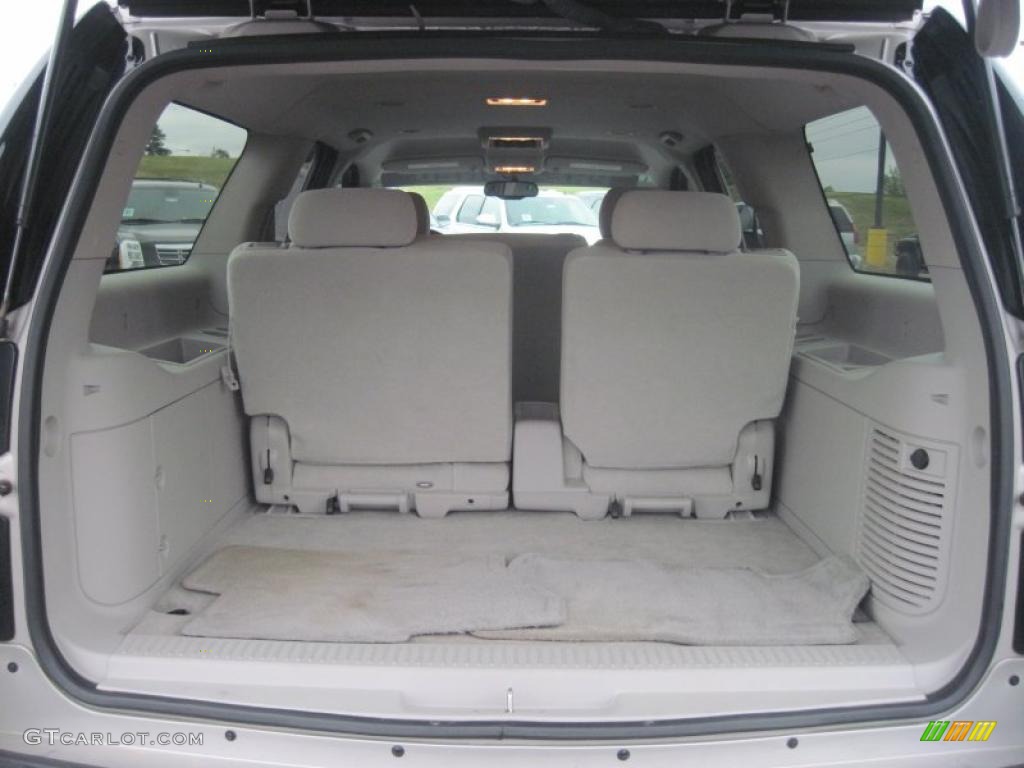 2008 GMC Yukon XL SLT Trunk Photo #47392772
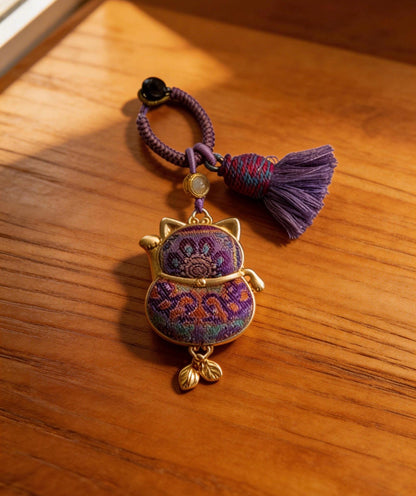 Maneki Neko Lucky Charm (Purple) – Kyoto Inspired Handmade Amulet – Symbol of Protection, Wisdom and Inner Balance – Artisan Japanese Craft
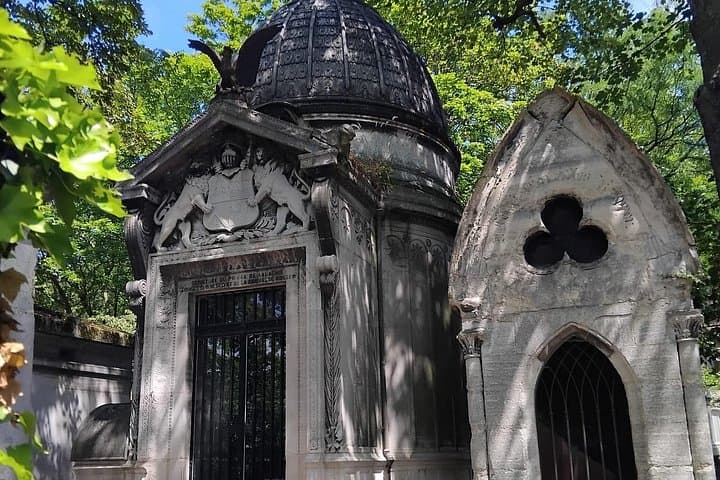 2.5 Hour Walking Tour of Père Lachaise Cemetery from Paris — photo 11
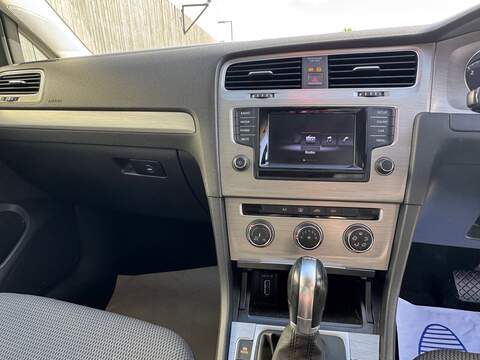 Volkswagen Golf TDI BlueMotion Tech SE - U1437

→ What you have to do
Set down all of the material word for word, minus its pictures.

→ Solution for this problem
 2008 GMC Yukon XL SLT Trunk Photo #47392772
 Maneki Neko Lucky Charm (Purple) – Kyoto Inspired Handmade Amulet – Symbol of Protection, Wisdom and Inner Balance – Artisan Japanese Craft
 2.5 Hour Walking Tour of Père Lachaise Cemetery from Paris — photo 11
 Volkswagen Golf TDI BlueMotion Tech SE - U1437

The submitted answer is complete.